От меня не ускользает абсурдность того, что на годичную изоляцию в космосе обречен я, а от одиночества страдает дочь. В то же время, напоминаю я себе, мои близкие многим жертвуют ради этого полета.
Саманта извиняется, что напугала меня, и обещает в следующий раз изъясняться понятнее. Я возвращаюсь в русский сегмент, чтобы вновь присоединиться к празднеству, в несколько омраченном настроении.
Этой ночью я вижу сон, характерный для сумеречного, дремотного состояния. Он почему-то связан со смертью Бо Байдена, сына вице-президента, вчера скончавшегося от рака мозга в 46 лет. Мы ни разу не встречались, но я слышал о нем много хорошего. Его смерть подействовала на меня сильнее, чем можно было ожидать. В полусне мне приходит в голову, что однажды все мы умрем и будем мертвыми намного дольше, чем жили. Я словно бы даже знаю, каково это, поскольку все мы были «мертвыми» до того, как родились. Для каждого из нас наступил момент, когда мы начали осознавать себя, поняли, что живем, и было предшествовавшее этому ничто, ничем особенно не плохое. Как ни странно, это утешительная мысль. Я бодрствую достаточно долго, чтобы написать Амико об этих размышлениях.
Меня часто спрашивают, посещали ли меня в космосе озарения, чувствую ли я особую близость к Богу или единство со Вселенной, глядя на Землю с такой высоты. Некоторые астронавты возвращаются с новым взглядом на роль человечества в космосе, побуждающим их примкнуть к какой-либо религии или вернуться к вере, в которой они были воспитаны. Не стану оспаривать чужой опыт, но сам духовного прозрения не удостоился.
Я человек с научным типом мышления, жаждущий узнать как можно больше о Вселенной. Мы знаем, что в ней триллионы звезд, больше чем песчинок на планете Земля. Эти звезды составляют менее 5 % вещества Вселенной. Остальное – темная материя и темная энергия. Вселенная невероятно сложна. Случайно ли? Я не знаю.
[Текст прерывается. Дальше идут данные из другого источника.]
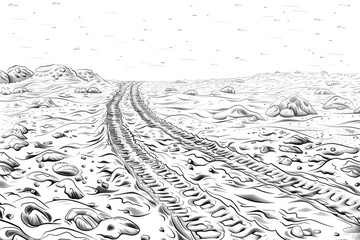 Fototapeta premium Coloring book illustration of vehicle tracks in sandy terrain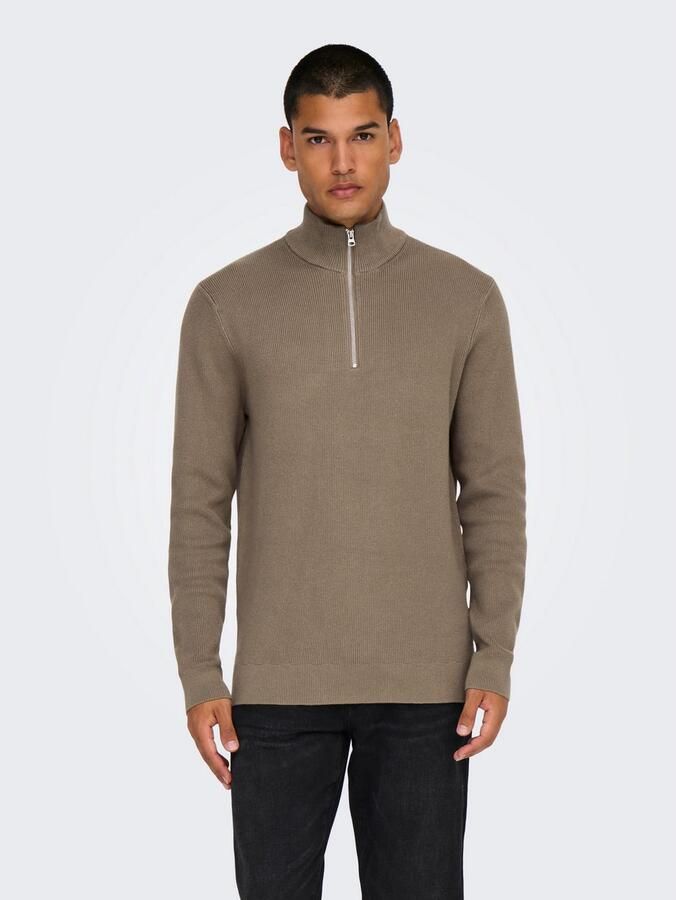 Only & Sons Regular fit gebreide pullover met opstaande kraag model 'PHIL' - Foto 7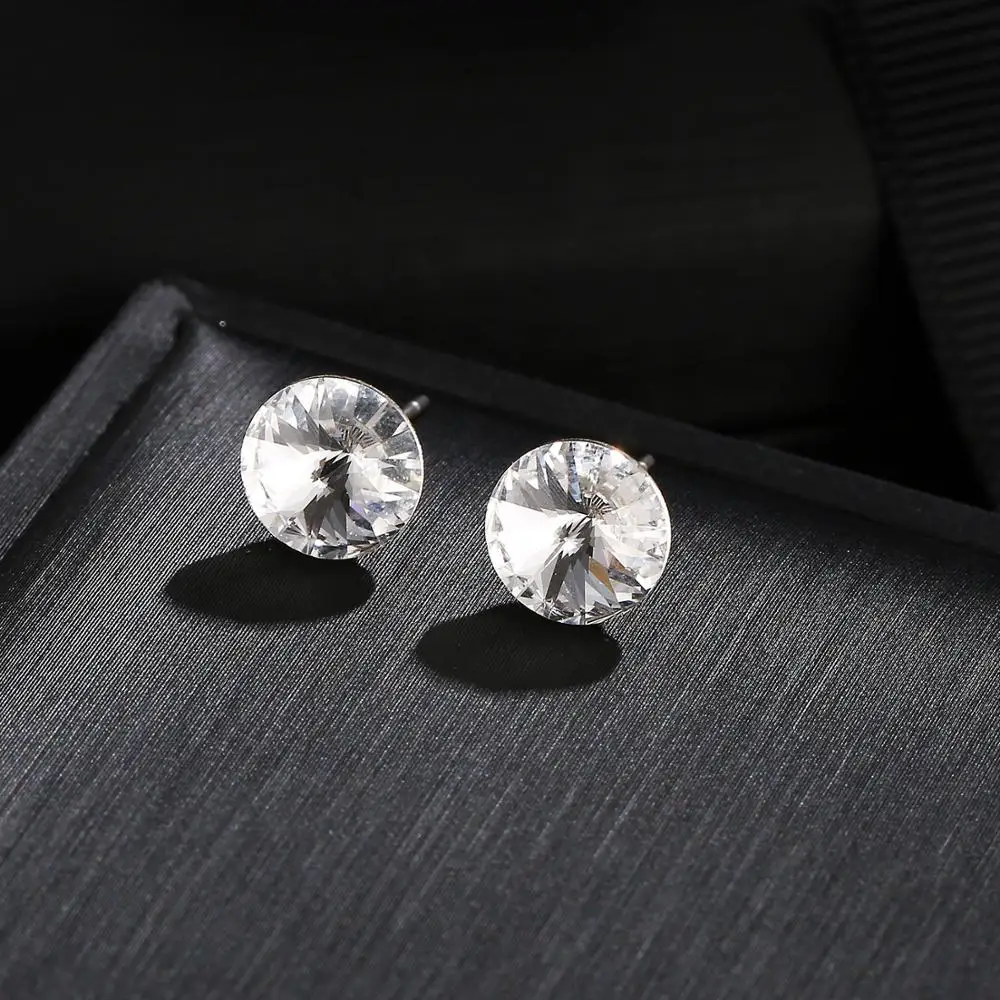 Clear Crystal Простые трендовые серьги-гвоздики с круглыми кристаллами Сваровски, серебряные корейские серьги для женщин, вечерние ювелирные изделия для свадьбы - Окраска металла: Clear Crystal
Меня растили в католической вере, и, как бывает во многих семьях, родители уделяли больше внимания религиозному воспитанию детей, чем собственному духовному развитию. Мы с Марком ходили на уроки катехизиса вплоть до девятого класса, когда в один прекрасный день матери надоело нас туда возить. Она позволила нам выбирать, посещать занятия или нет, и мы, как многие тинейджеры на нашем месте, решили бросить. С тех пор в моей жизни не было места институционально оформленной религии. Когда Саманте было 10 лет, она спросила меня однажды за ужином, какой мы веры.
– Наша вера – «Со всеми вести себя хорошо и доедать овощи», – ответил я, довольный, что так метко охарактеризовал свои религиозные воззрения и что мой ответ ее устроил.
Я уважаю верующих людей, в том числе свою тетю-монахиню, но сам религиозных чувств никогда не испытывал.
На этой неделе мы посвятим много времени эксперименту, который называется «Перемещение жидкостей в организме до, во время и после продолжительного космического полета и его связь с внутричерепным давлением и нарушениями зрения», сокращенно «Перемещение жидкостей». Объектами исследования являемся мы с Мишей, а его результаты имеют огромное значение для будущего космических путешествий.